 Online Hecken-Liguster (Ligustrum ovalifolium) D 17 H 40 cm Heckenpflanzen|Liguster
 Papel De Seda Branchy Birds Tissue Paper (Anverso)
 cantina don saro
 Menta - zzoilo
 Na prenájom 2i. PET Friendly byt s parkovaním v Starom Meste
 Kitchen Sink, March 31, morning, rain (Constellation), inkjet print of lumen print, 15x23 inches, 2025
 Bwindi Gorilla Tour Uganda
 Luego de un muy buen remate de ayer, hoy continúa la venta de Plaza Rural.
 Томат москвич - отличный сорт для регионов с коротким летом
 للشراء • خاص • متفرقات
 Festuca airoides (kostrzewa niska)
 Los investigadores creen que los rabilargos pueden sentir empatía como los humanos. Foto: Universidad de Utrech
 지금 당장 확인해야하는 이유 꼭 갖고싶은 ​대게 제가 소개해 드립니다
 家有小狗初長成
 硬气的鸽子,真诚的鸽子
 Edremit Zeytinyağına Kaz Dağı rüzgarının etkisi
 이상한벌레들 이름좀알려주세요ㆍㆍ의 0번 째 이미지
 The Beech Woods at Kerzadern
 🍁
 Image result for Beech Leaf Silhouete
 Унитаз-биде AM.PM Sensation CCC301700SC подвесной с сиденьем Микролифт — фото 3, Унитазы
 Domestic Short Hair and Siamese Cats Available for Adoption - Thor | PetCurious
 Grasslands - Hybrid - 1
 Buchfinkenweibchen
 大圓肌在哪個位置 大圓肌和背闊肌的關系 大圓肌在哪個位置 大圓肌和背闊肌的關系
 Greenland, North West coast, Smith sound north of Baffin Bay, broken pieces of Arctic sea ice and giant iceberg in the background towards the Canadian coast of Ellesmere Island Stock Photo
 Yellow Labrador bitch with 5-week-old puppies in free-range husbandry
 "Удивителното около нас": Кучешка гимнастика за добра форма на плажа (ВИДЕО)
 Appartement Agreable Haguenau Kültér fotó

..............................

# Problem details:
Look over the listing above and copy each line that contains "Beech".

# Exercise response:
 The Beech Woods at Kerzadern
 Image result for Beech Leaf Silhouete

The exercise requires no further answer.